Monthly: The November candle closed as a large bullish candle and sitting above the ‘resistance-now- turned support’ of the monthly chart’s bear triangle tend line but remains below the resistance of the 2010 highs.
Monthly Ichimoku: The November candle closed well above the monthly Cloud.
Weekly: Last week’s candle closed as a bearish reversal ‘Hanging Man’ candle. This should flash as a bit of a warning for USD bulls:
Weekly Ichimoku: Price is still trading ABOVE the weekly Cloud.
Daily: Price spent another week consolidating below the 2010 high. The index chopped a bit lower with three bearish days but this was followed by two bullish days.
Daily Ichimoku Cloud chart: Price traded above the Cloud all week and there is still an open bullish Tenkan/Kijun cross in play.
4hr: Price chopped down and then back up last week. It is still trading below the resistance of the 2010 highs. Note the recent support trend line. A break and hold below this would suggest some bearish potential:
4hr Ichimoku Cloud chart: Price chopped down through thin Cloud band last week but bounced back up to close above the Cloud.
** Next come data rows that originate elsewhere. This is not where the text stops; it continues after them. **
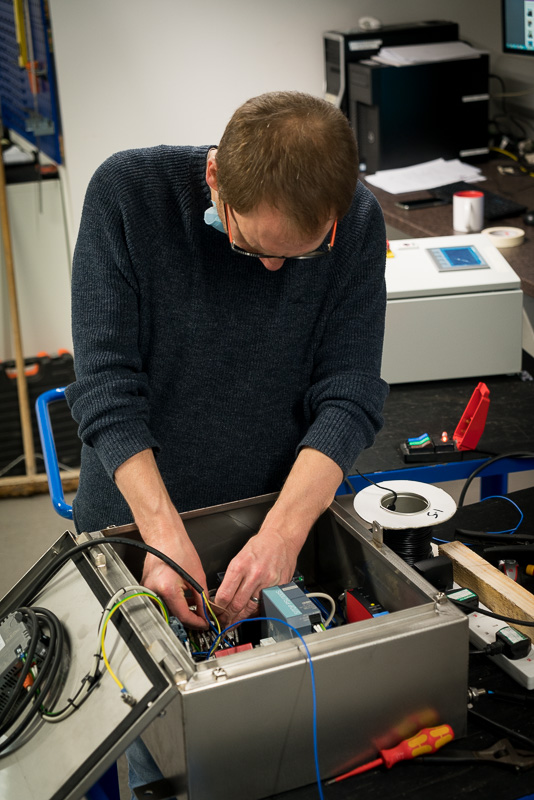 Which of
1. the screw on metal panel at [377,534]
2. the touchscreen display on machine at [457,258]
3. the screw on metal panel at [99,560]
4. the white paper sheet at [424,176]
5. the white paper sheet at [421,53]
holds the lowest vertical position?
the screw on metal panel at [377,534]

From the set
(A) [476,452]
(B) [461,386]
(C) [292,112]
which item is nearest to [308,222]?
(C) [292,112]

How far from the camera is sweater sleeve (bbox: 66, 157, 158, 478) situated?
3.79 ft

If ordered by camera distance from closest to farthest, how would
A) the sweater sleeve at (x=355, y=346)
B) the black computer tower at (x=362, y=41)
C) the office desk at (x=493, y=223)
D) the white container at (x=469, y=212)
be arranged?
1. the sweater sleeve at (x=355, y=346)
2. the office desk at (x=493, y=223)
3. the white container at (x=469, y=212)
4. the black computer tower at (x=362, y=41)

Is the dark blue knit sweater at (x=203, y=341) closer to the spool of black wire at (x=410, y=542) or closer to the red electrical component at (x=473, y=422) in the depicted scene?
the spool of black wire at (x=410, y=542)

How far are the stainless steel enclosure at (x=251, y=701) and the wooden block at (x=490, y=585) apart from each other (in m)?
0.22

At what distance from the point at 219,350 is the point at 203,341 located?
0.09ft

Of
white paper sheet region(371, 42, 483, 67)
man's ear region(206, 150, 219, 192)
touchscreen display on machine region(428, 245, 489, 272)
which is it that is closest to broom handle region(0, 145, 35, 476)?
white paper sheet region(371, 42, 483, 67)

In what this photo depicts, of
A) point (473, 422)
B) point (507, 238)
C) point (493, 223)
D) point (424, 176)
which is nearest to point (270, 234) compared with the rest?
point (473, 422)

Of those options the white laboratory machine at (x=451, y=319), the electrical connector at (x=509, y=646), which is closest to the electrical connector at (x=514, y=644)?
the electrical connector at (x=509, y=646)

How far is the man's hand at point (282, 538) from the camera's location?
1059mm

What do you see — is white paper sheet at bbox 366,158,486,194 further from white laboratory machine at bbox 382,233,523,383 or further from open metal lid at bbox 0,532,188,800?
open metal lid at bbox 0,532,188,800

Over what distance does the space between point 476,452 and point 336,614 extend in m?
0.70

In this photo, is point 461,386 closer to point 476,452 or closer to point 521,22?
point 476,452

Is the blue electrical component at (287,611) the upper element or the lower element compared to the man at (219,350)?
lower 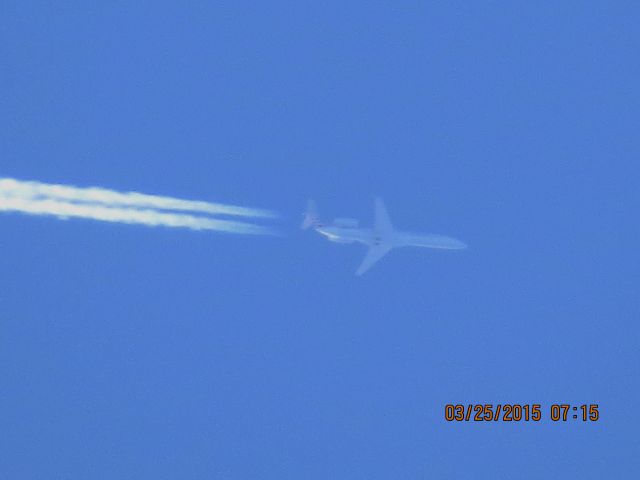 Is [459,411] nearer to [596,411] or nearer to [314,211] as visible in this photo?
[596,411]

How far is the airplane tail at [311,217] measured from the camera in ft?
133

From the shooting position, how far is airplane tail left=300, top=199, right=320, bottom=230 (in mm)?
40438

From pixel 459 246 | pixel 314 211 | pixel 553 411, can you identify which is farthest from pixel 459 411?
pixel 314 211

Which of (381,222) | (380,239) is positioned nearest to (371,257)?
(380,239)

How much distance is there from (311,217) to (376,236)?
3207 millimetres

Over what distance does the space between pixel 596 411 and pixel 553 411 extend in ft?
11.2

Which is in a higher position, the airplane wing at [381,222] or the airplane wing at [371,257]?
the airplane wing at [381,222]

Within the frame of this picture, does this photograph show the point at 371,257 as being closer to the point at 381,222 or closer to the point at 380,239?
the point at 380,239

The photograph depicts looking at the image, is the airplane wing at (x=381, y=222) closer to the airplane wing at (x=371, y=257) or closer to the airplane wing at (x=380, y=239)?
the airplane wing at (x=380, y=239)

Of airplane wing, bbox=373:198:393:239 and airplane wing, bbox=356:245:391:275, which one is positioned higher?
airplane wing, bbox=373:198:393:239

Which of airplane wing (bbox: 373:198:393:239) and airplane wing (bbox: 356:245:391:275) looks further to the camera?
airplane wing (bbox: 356:245:391:275)

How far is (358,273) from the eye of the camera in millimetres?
41531

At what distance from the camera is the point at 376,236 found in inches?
1602

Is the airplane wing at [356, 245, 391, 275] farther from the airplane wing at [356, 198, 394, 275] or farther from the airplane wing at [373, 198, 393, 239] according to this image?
the airplane wing at [373, 198, 393, 239] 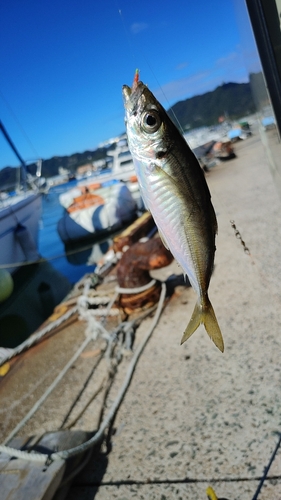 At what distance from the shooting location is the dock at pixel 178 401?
2680 mm

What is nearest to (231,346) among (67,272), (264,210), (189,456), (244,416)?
(244,416)

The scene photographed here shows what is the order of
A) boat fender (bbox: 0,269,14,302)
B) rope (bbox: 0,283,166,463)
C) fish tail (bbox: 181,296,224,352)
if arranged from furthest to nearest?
boat fender (bbox: 0,269,14,302) → rope (bbox: 0,283,166,463) → fish tail (bbox: 181,296,224,352)

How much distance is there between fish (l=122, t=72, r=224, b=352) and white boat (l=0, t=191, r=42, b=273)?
14672mm

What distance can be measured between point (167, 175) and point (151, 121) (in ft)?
0.77

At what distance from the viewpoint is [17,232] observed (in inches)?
702

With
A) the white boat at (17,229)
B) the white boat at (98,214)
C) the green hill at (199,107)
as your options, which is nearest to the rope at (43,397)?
the green hill at (199,107)

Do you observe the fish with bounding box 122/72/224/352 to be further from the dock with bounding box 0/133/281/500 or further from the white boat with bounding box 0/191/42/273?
the white boat with bounding box 0/191/42/273

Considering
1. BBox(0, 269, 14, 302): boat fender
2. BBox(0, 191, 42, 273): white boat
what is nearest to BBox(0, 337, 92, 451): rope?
BBox(0, 269, 14, 302): boat fender

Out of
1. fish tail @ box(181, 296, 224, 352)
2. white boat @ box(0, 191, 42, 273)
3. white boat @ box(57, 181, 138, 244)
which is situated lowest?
white boat @ box(57, 181, 138, 244)

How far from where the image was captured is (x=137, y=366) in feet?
14.0

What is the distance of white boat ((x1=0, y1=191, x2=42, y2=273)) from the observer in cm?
1656

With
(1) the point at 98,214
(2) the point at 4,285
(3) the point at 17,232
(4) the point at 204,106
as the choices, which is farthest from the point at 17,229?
(4) the point at 204,106

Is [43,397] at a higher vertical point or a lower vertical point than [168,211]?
lower

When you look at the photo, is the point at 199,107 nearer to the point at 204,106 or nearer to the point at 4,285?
the point at 204,106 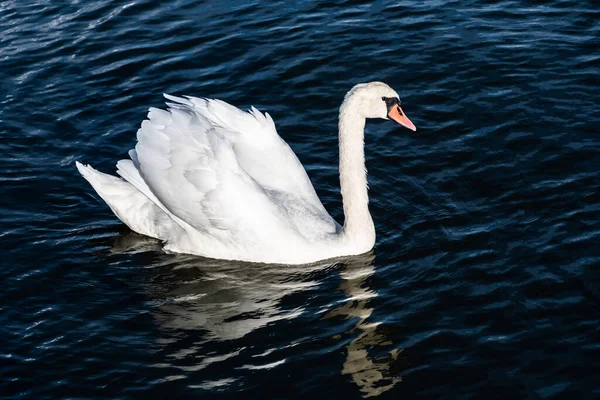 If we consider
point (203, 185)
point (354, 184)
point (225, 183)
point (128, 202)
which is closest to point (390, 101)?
point (354, 184)

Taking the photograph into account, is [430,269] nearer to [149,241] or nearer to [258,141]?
[258,141]

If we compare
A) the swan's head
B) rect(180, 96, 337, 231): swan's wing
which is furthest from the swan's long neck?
rect(180, 96, 337, 231): swan's wing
This chart is aligned with the daily chart and suggests long USD.
Monthly: The November candle closed as a bullish candle and this follows on from the previous month’s bullish reversal ‘Inverted Hammer’ candle. I am still seeing a larger-scale bullish ‘inverse H&S’ pattern developing as well.
Monthly Ichimoku: The November candle closed off within the monthly Cloud. Note the bullish reversal clue from back in October:
Weekly: The weekly candle closed as a bullish coloured ‘inside’ candle.
Weekly Ichimoku: Price is still trading below the weekly Cloud. Note the earlier bullish-reversal clue here too:
Daily: Price chopped higher last week.
Daily Ichimoku Cloud chart: Price is still trading above the daily Cloud. It is not surprising to see this choppy consolidation type of action after breaking back above a key resistance level:
4 hr: Price chopped higher last week.
4 hr Ichimoku Cloud chart: The EURX traded within the Cloud for much of the week as it chopped higher but eventually closed just above the Cloud. This chart is aligned with the daily chart and suggests long EUR.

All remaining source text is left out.